4. Limits

Let \(c\) be a cluster point of \(A\) and let \(\delta_n=\frac{1}{n}\). Then, there exists \(x_n\in A\), \(x_n\neq c\), such that \(|x_n-c| \lt \delta_n\). Since \(\delta_n\rightarrow 0\) we have that \(\lim x_n = c\). Now suppose that \(\lim x_n=c\) and \(x_n\neq c\), and \((x_n)\) is in \(A\). Then for any \(\delta \gt 0\) there exists \(K\) such that \(|x_n-c| \lt \delta\) for all \(n\geq K\). This proves that \(c\) is a cluster point of \(A\).

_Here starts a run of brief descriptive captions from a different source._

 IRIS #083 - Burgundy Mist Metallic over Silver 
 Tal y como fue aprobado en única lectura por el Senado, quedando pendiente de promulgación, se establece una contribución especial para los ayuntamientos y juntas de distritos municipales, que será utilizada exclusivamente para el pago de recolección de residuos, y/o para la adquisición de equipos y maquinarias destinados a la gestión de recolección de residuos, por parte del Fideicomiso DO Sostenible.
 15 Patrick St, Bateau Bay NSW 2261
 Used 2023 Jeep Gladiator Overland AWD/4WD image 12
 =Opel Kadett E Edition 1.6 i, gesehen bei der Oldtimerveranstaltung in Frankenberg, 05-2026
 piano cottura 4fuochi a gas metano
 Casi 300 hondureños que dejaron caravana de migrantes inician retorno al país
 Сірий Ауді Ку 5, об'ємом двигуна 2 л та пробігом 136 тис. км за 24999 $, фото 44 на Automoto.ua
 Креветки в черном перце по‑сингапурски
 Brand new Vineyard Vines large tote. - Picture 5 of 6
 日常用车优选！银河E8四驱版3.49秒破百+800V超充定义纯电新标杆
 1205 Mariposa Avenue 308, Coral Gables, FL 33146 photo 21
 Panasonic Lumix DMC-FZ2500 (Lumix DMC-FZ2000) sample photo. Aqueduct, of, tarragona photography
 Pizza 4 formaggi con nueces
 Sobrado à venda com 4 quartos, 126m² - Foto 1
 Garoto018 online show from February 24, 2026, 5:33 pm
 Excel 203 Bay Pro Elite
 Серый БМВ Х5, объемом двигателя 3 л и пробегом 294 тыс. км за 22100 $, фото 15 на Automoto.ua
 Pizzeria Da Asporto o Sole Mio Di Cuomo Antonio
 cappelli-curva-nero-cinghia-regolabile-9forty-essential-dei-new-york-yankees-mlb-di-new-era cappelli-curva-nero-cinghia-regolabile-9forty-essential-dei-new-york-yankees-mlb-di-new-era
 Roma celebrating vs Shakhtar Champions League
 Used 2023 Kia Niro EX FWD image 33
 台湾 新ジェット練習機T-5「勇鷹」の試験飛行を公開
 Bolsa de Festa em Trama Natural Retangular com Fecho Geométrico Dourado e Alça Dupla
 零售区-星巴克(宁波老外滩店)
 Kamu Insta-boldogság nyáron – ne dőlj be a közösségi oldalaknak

Suppose that \(f(x)\rightarrow L\) and \(f(x)\rightarrow L'\) as \(x\rightarrow c\). Let \(\varepsilon \gt 0\). Then there exists \(\delta \gt 0\) such that \(|f(x)-L| \lt \eps/2\) and \(|f(x)-L'| \lt \eps/2\), for \(0 \lt |x-c| \lt \delta\). Then if \(0 \lt |x-c| \lt \delta\) then \begin{align*} |L-L'| &\leq |f(x)-L|+|f(x)-L'|\\ & \lt \eps/2+\eps/2\\ & =\eps. \end{align*} Since \(\eps\) is arbitrary, Theorem 2.2.7 implies that \(L=L'\).

We begin by analyzing the quantity \(|f(x)-L|\): \begin{align*} |5x+3-13| &= |5x-10|\\ & = 5 |x-2|. \end{align*} Hence, if \(0 \lt |x-2| \lt \eps/5\) then \begin{align*} |5x+3-13| &= 5|x-2|\\ & \lt 5 (\eps/5)\\ & = \eps \end{align*}

We have that \begin{align*} \left|\frac{x+1}{x^2+3}-\frac{1}{2}\right| &= \left|\frac{x^2-2x+1}{2(x^2+3)}\right|\\[2ex] &= \frac{|x-1|^2}{2(x^2+3)} \\[2ex] & \lt |x-1|^2. \end{align*} Let \(\eps \gt 0\) be arbitrary and let \(\delta=\sqrt{\eps}\). Then if \(0 \lt |x-1| \lt \delta\) then \(|x-1|^2 \lt (\sqrt{\eps})^2 = \eps\). Hence, if \(0 \lt |x-1| \lt \delta\) then \[ \left|\frac{x+1}{x^2+3}-\frac{1}{2}\right| \lt |x-1|^2 \lt \eps. \]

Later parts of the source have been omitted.